Well tonight we had a very good training night. Jay and Matt both had to work. Well guys your decoy jobs may very well be taken over by MY GIRLS. Christine, Rebecca and Amber. Although Christine didn't get to do any I bet she would be as good as the other two. Fantastic job girls. ( wish I had a vidoe camera) Amber worked Maza and Rebecca worked Tate. It was all prey work and they did great. I got Bentley out and they both took bites from him. Then I took Lexus out and had Rebecca go to the middle of the field. I sent Lexus, I'm not sure I correctly heard what came out of Rebecca's mouth.

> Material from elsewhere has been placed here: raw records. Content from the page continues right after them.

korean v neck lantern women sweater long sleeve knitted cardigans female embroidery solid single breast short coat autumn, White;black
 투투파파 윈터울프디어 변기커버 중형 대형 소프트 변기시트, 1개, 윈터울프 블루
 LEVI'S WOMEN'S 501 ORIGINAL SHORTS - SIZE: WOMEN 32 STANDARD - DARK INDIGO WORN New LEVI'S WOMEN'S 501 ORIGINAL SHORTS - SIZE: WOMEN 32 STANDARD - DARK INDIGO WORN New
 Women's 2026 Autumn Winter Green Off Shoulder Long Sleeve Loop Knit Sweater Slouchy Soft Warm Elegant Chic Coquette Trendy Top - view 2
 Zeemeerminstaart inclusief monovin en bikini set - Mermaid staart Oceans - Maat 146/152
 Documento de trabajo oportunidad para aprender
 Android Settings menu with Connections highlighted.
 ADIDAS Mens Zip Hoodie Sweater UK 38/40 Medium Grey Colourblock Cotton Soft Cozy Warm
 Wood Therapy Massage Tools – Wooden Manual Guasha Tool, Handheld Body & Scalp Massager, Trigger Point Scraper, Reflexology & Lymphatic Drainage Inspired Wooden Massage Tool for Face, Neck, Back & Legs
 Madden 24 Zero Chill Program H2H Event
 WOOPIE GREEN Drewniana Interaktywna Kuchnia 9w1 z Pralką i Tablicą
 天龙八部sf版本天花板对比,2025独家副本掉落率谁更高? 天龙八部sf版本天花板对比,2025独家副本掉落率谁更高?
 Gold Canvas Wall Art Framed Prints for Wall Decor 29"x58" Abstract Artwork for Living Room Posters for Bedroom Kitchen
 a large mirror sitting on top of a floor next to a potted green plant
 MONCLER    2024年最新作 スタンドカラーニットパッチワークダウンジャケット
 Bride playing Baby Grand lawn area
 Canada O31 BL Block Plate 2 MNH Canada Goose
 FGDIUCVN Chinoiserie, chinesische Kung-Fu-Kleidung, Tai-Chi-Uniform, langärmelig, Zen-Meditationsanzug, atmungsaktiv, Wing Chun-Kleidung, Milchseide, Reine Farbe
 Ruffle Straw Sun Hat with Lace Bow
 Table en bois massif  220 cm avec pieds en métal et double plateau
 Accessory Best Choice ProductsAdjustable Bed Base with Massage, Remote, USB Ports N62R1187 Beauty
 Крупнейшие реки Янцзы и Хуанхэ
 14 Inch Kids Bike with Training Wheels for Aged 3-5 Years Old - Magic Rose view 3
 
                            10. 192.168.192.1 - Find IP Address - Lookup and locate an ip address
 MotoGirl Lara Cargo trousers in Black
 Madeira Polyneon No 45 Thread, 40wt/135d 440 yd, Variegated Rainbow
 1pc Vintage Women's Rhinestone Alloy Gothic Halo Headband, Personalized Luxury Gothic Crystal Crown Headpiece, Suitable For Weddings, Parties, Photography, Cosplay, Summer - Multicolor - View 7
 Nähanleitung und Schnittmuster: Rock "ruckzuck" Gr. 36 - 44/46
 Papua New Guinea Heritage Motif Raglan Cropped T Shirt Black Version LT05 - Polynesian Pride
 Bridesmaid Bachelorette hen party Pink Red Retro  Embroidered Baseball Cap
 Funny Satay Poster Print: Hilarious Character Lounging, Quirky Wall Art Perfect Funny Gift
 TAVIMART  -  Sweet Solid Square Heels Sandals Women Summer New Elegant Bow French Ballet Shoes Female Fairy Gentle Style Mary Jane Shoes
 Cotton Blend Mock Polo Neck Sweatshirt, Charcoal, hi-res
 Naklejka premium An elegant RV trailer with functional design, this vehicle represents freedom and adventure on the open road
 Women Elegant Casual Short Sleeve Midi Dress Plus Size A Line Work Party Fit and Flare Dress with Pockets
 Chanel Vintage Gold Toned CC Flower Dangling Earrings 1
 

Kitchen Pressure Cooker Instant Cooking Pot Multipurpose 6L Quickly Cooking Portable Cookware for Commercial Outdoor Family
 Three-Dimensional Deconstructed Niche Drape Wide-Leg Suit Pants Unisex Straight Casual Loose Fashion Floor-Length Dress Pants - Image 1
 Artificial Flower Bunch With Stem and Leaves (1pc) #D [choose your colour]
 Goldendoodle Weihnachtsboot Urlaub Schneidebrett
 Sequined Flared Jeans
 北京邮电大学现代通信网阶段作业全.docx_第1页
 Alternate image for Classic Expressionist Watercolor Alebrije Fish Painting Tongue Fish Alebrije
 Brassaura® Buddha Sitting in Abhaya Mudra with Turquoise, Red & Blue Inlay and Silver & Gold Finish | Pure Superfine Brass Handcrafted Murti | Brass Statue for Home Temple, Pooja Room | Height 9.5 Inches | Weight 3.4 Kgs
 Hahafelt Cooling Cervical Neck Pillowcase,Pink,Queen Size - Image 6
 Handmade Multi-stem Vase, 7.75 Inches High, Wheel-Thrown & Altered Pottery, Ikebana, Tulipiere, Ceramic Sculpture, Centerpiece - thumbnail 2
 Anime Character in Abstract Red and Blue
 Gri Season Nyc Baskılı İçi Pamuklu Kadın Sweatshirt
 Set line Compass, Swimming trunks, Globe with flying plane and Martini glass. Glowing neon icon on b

I dare not repete it, I may be wrong. Then I told her to run, the escape bite, she did run and then, I can't repete that either. They seemed to have had fun, I know I did. I didn't know girls could move like that. Rebecca, does Bentley bite hard? Thanks girls I had a great time and I know you all did too. Ya'll made my day complete. Thanks


----------



## Amber Scott Dyer (Oct 30, 2006)

Jerry, SHHHHH


----------



## steve gossmeyer (Jan 9, 2007)

that has to be repeated in july


----------



## Amber Scott Dyer (Oct 30, 2006)

Steve, I wouldn't count on it.


----------



## jay lyda (Apr 10, 2006)

Oh yeah he can.


----------



## Rebecca Santana (May 16, 2007)

whoa I guess that wasn't suppose to be kept quiet Jerry! hahaha dang oh and yes Bently does bite hard. I wouldn't count on a repeat in July. The best part for me was loving it even though I never anticipated having any fear of dogs until I saw that look in Bently eyes and running and seeing Lexus come at me! While I worked through the fear forced adrenaline rush I had an even more profound respect for those that decoy and feel the job is best left to the professionals! LOL


----------



## Jerry Lyda (Apr 4, 2006)

You girls are great sports, I HAVE to hand it to you Rebecca always remember you have taken a bite from one of the hardest biting GSD out there, Bentley. THE sire to my next pup.


----------



## Connie Sutherland (Mar 27, 2006)

Jerry Lyda said:


> You girls are great sports, I HAVE to hand it to you Rebecca always remember you have taken a bite from one of the hardest biting GSD out there, Bentley. THE sire to my next pup.


"Girls" might be the operative word there..... as in "young." My first experience in a bite suit a few weeks ago taught me that advanced age isn't a big advantage in that activity.

I admire you all, very sincerely!


----------